Eugene Robinson Hammers Obama Over AP
The provocative headline "Obama administration mistakes journalism for espionage" doesn't appear in a traditionally conservative paper like the NY Post or Wall Street Journal; it's in the Washington Post. And before you equivocate, no, it's not hovering over the byline of Charles Krauthammer or George Will at WaPo, it's accompanying a column by long-time Obama apologist Eugene Robinson.
Robinson hammers the Obama Administration and the Department of Justice for their overreach in handling the Associated Press' reporting of a foiled terror attempt. After laying-out the DOJ's actions in secretly obtaining subpoenas which involved phone records of over one hundred reporters, as well as tracking the reporters' movements and their emails, Robinson pulls no punch:
This heavy-handed business isn’t chilling, it’s just plain cold.
It also may well be unconstitutional. In my reading, the First Amendment prohibition against “abridging the freedom . . . of the press” should rule out secretly obtaining two months’ worth of the personal and professional phone records of Associated Press reporters and editors, including calls to and from the main AP phone number at the House press gallery in the Capitol. Yet this is what the Justice Department did.

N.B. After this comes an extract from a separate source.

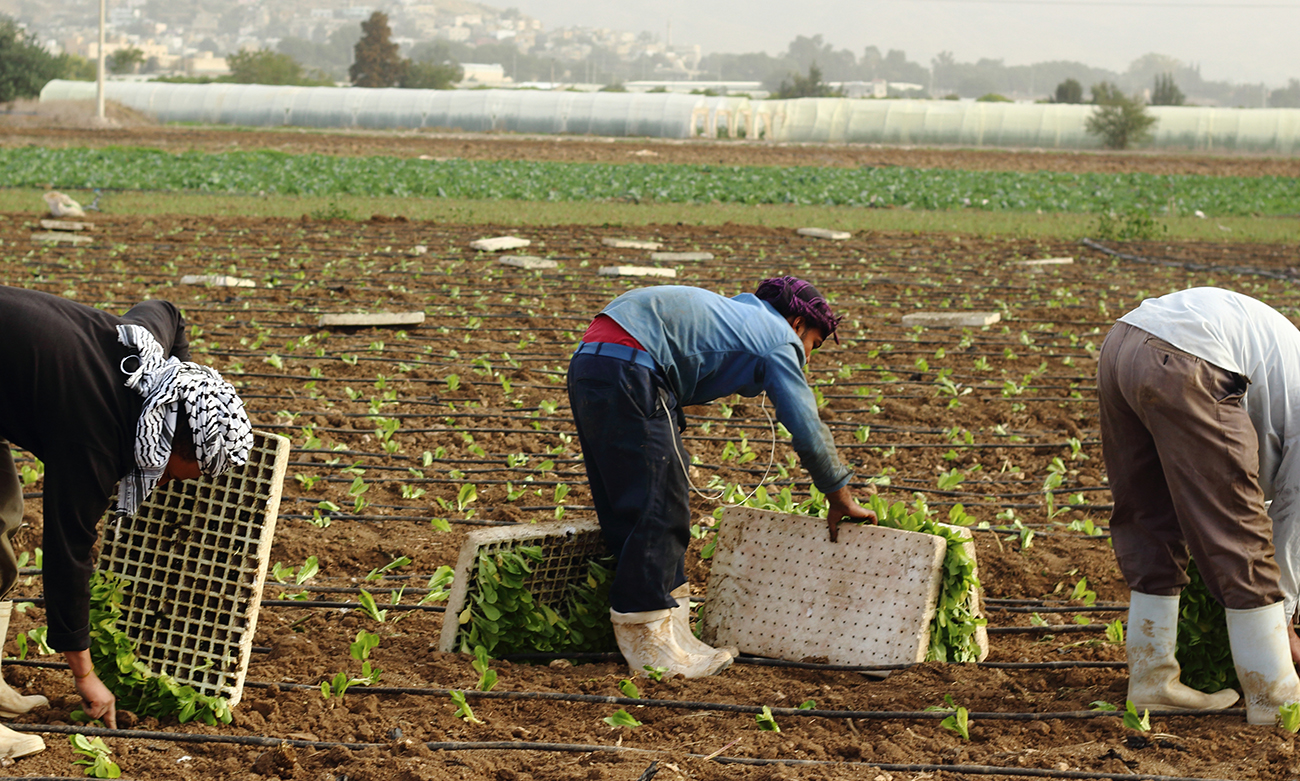 egyptian workers farmers jordan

In the past, Robinson has been a reliable defender of the administration and attack dog against grassroots conservatives. He's also one of the many who still cling to the debunked notion that the tea party is racist and dangerous to America. So his choice to call the Administration, Holder, and Obama out over the AP scandal is noteworthy and significant.
If this had been the view of prior administrations, surely Bob Woodward would be a lifer in some federal prison. The cell next door might be occupied by my Post colleague Dana Priest, who disclosed the CIA’s network of secret prisons. Or by the New York Times’ James Risen and Eric Lichtblau, who revealed the National Security Agency’s eavesdropping program...
...The president needs to understand that behavior commonly known as “whistleblowing” and “journalism” must not be construed as espionage.
Read the entire column here.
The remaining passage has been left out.